By Sara Mieczkowski and Eddie Suarez / www.suarezlawfirm.com
On December 28, 2025, the Wall Street Journal reported that the Department of Justice has launched investigations into the diversity, equity, and inclusion programs of several major corporations—including Alphabet’s Google and Verizon Communications. The probe represents a dramatic expansion of an enforcement strategy that has been building throughout 2025: using the False Claims Act, a Civil War-era statute designed to combat fraud against the government, to target companies with federal contracts that maintain DEI programs the administration considers unlawful.
The Investigations: What We Know
According to the WSJ report, the DOJ’s Fraud Section has demanded documents and information from Google, Verizon, and companies across multiple industries—including automotive, pharmaceutical, defense, and utilities. Some executives have already met in person with DOJ officials to discuss their workplace programs.
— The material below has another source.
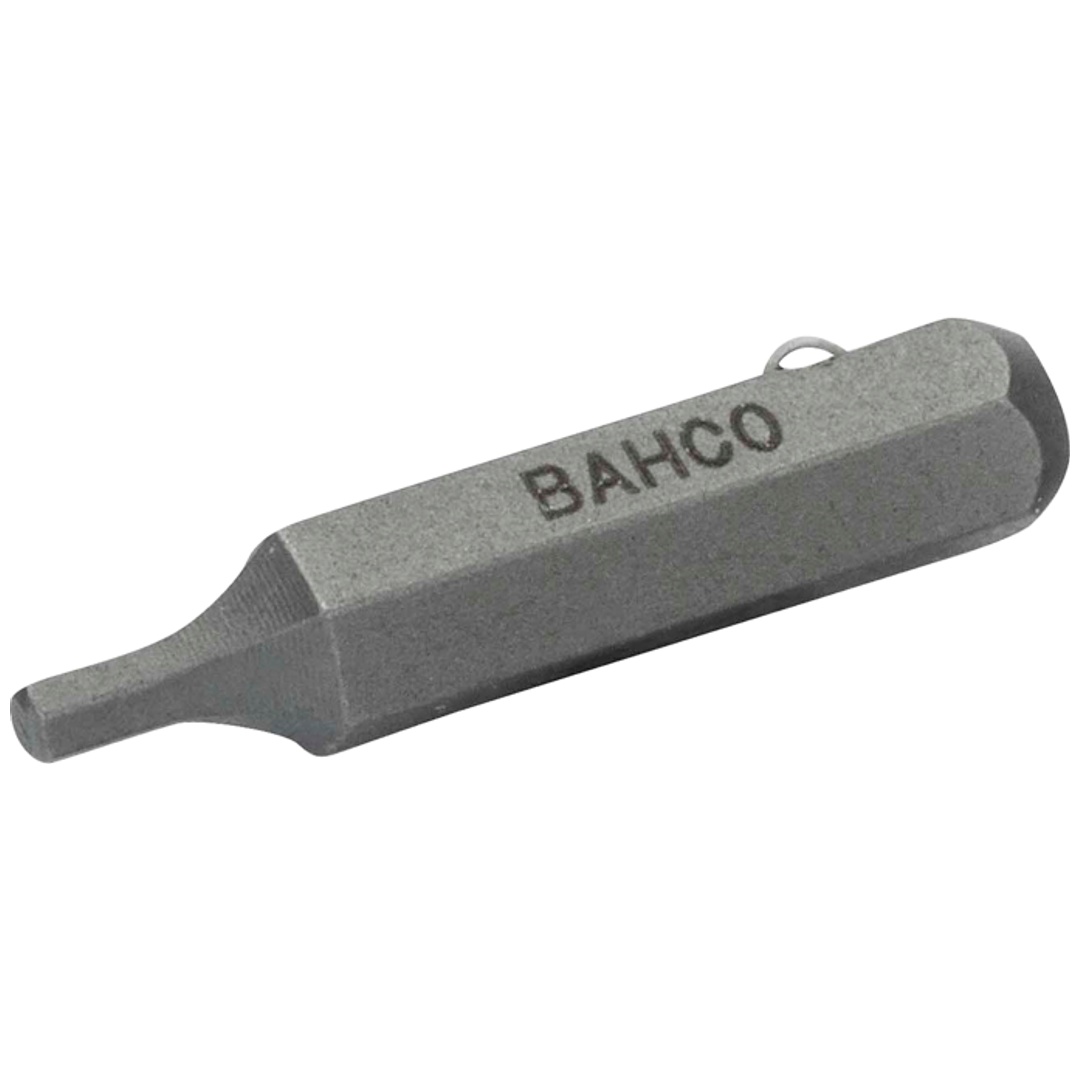 Bahco 5/32 Standard Schraubendreher Bits für 2,5 mm Sechskantschrauben 25 mm - 5 Stk./Kunststoffbox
The theory underlying these investigations is that companies holding federal contracts committed fraud by maintaining DEI programs that allegedly violate federal anti-discrimination laws. The administration’s position is that these programs constitute illegal discrimination based on race or sex, and that federal contractors who certify compliance with civil rights laws while operating such programs have submitted false claims for government payment.
What makes these investigations particularly notable is their origin. As the WSJ observed, most FCA cases spring from corporate whistleblowers or federal watchdogs. These probes, by contrast, appear to be driven by politically appointed officials who believe companies with federal contracts aren’t meeting their obligations if they still maintain DEI programs.
The Legal Foundation: Executive Orders and the FCA
The current enforcement posture traces directly to Executive Order 14173, issued on January 21, 2025, titled “Ending Illegal Discrimination and Restoring Merit-Based Opportunity.” This order revoked Executive Order 11246, the foundational 1965 order that had required federal contractors to implement affirmative action programs, and established new compliance requirements.
The executive order contains two provisions with direct FCA implications. First, it requires every federal contract and grant to include a term stating that the recipient’s compliance with federal anti-discrimination laws is “material to the government’s payment decisions” under 31 U.S.C. § 3729(b)(4), the FCA’s materiality provision. Second, it requires contractors and grantees to certify that they “do not operate any programs promoting DEI that violate any applicable Federal anti-discrimination laws.”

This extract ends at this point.